A cozy lunch joint near German Village offers daring dishes with big flavors.
On its website, Skillet describes itself in a concise yet odd way: "Rustic. Urban. Food." But there is no puzzlement over the offerings on the menu of this lunch and weekend brunch spot near German Village. The dishes were big and bold-not for the faint of heart.
Take, for instance, the spicy pumpkin and black bean soup. Topped with a drizzle of good olive oil and roasted pumpkin seeds, this purée of squash and beans was hearty and luscious at the same time. Equally good was a dish of thick, dumplinglike noodles in rich turkey broth with bits of carrots, onions and turkey; warming on a cold day, it will remind you of Thanksgiving dinner.
The rest of the lunch menu ran mostly to sandwiches. But not any ordinary sandwiches. When was the last time (your answer will be "never") you had potato and cheese pierogies as part of a sandwich? You can do so at Skillet. The tasty dumplings were pan-fried and topped with caramelized onions, sharp cheddar cheese and mildly spicy sauerkraut. It was served between thick and buttery slices of grilled brioche. It was darn good.

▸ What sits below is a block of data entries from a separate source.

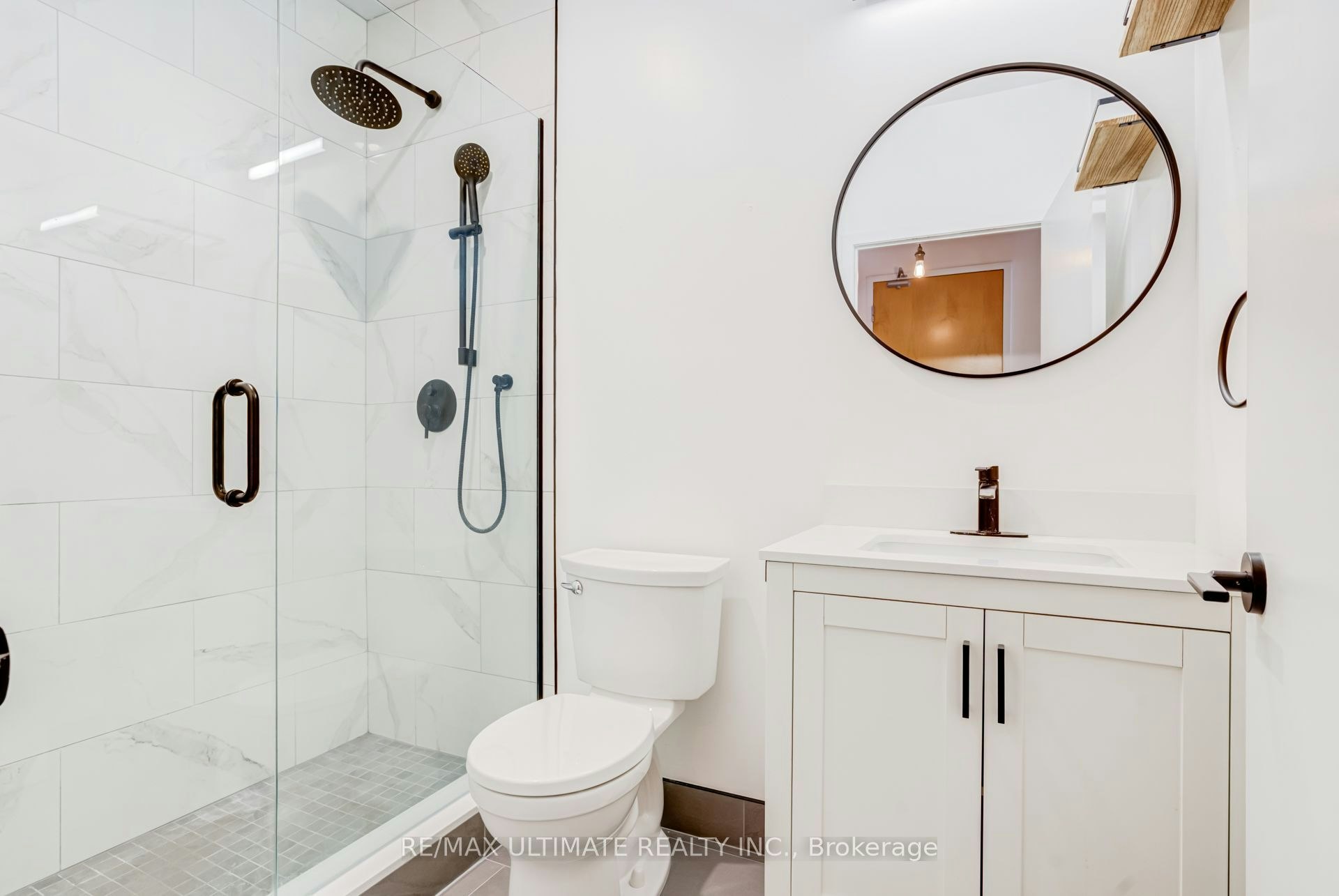 450-33 Mill Street, Toronto, ON, M5A 3R3 - 14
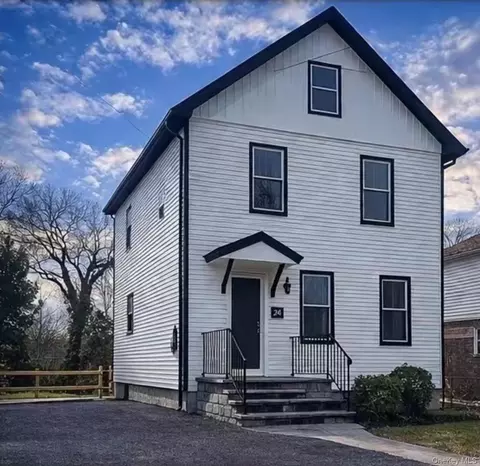 24 Columbia St, Huntington Station, NY 11746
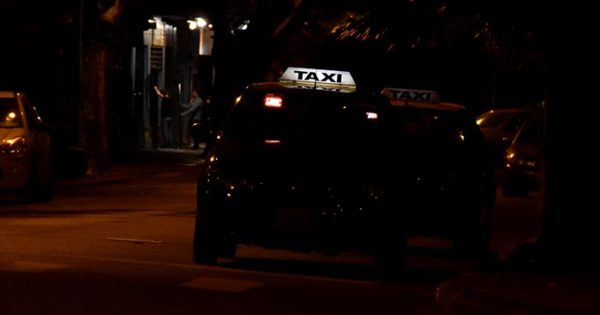 Tensión con Uber: secuestro de un auto y concentración de unos 20 taxis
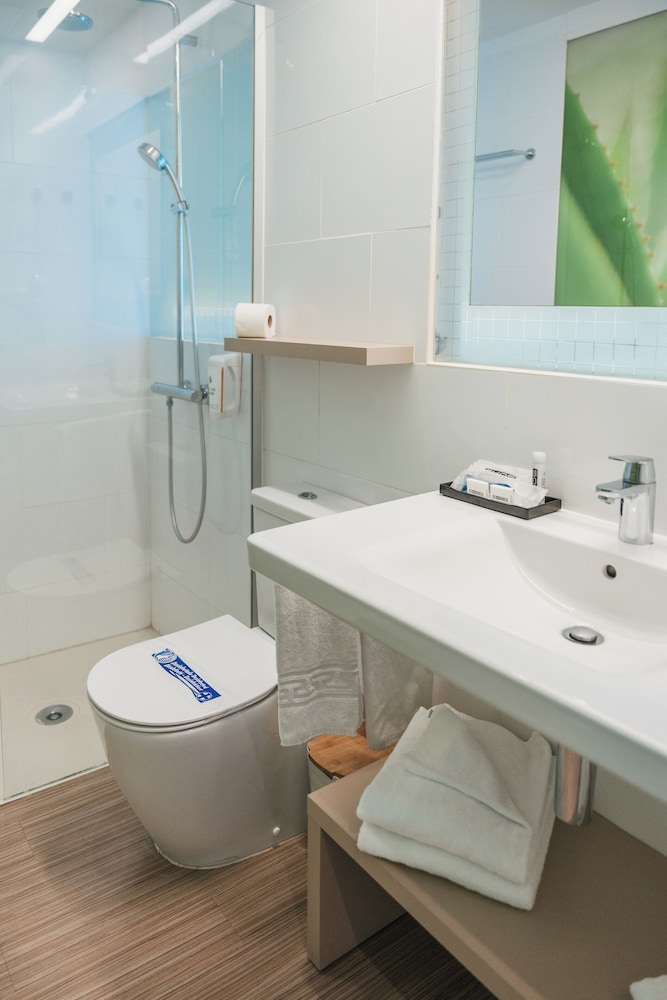 Standard Double Room Single Use, Balcony, Sea View thumbnail 6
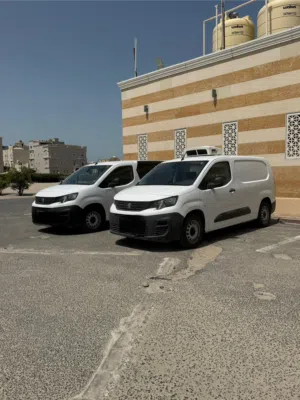 للبيع بيجو بارتنر ثلاجه و من غير ثلاجه 2022 (شرط الفحص ) سيرفس الوكاله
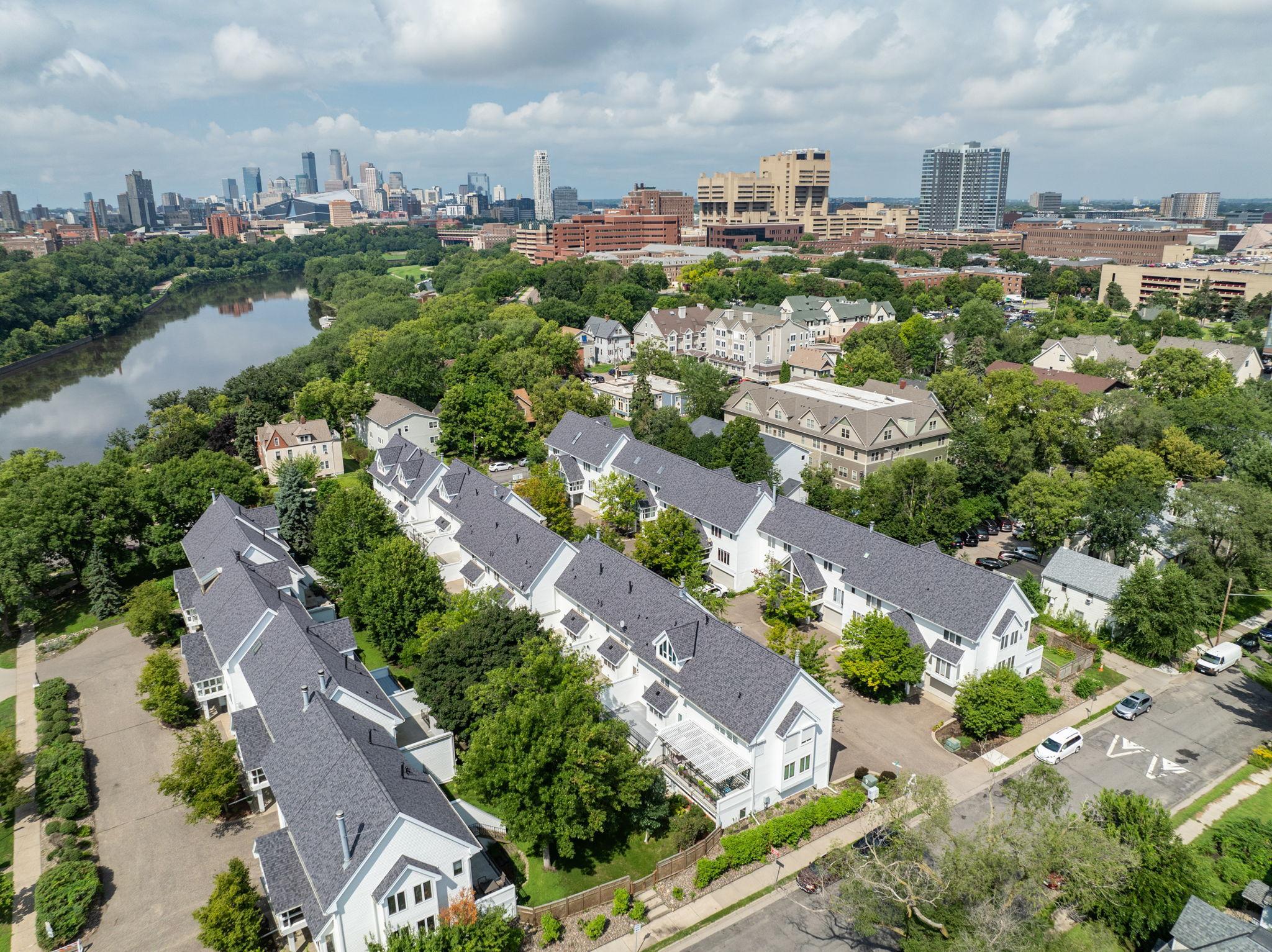 View of Residential at 921 / 923 Dartmouth Place, Minneapolis MN 55414, Minneapolis - Mike Wilen | Minnesota Team Real Estate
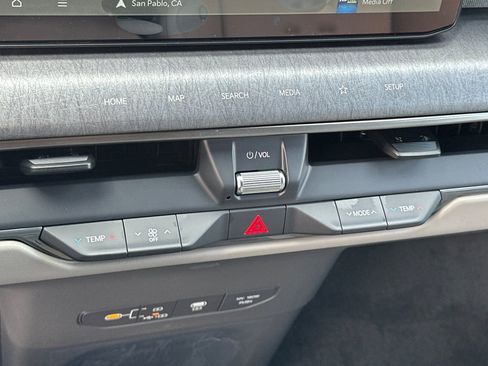 New 2026 Kia EV9 Wind image 21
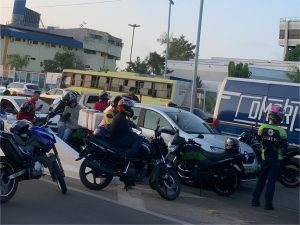 Tropas de choque agem para conter manifestação de motoboys na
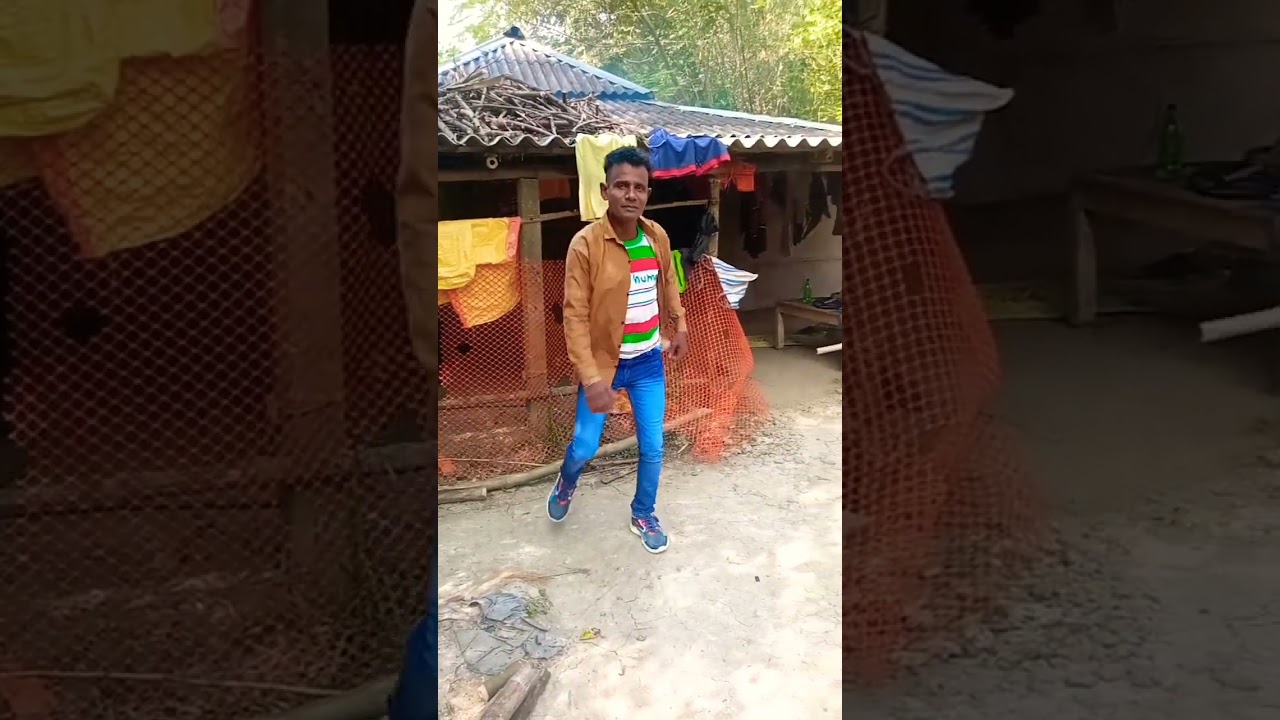 Ladki Akeli Tu Bhi Akela 🎶 Hindi Short Song & Dance | Bollywood Hit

Better than darn good was the braised beef short rib and smoked Gouda sandwich enhanced by fried sweet peppers. Slather on some of the sharply flavored apple-horseradish sour cream-served as a side-and it was heaven, with a heavenly level of calories and fat, of course. (I'm not complaining, just noting for the record.) Porchetta is pork, but not just any pork; it's slow-cooked, soft and rich, with crispy bits of skin and touched with fennel pollen and whacked with garlic. It was lovely. Frita was a burger mixed with the mildly spicy sausage called chorizo and a good ground beef. It was topped with a fried egg and dressed arugula. Truly delicious.
These were not haphazard combinations-the cooks here know what works and what doesn't. The only sandwich that didn't thrill me was the Truffled Grilled Cheese, but only because it paled in comparison to the other offerings. Sandwich sides were as creative as the rest of the menu, including a terrific sweet potato hash with plenty of sweet, browned onions and wonderful grits with crimini mushrooms and oven-dried grapes. If you are not quite that adventurous, browned and crispy fingerling potatoes will do just fine.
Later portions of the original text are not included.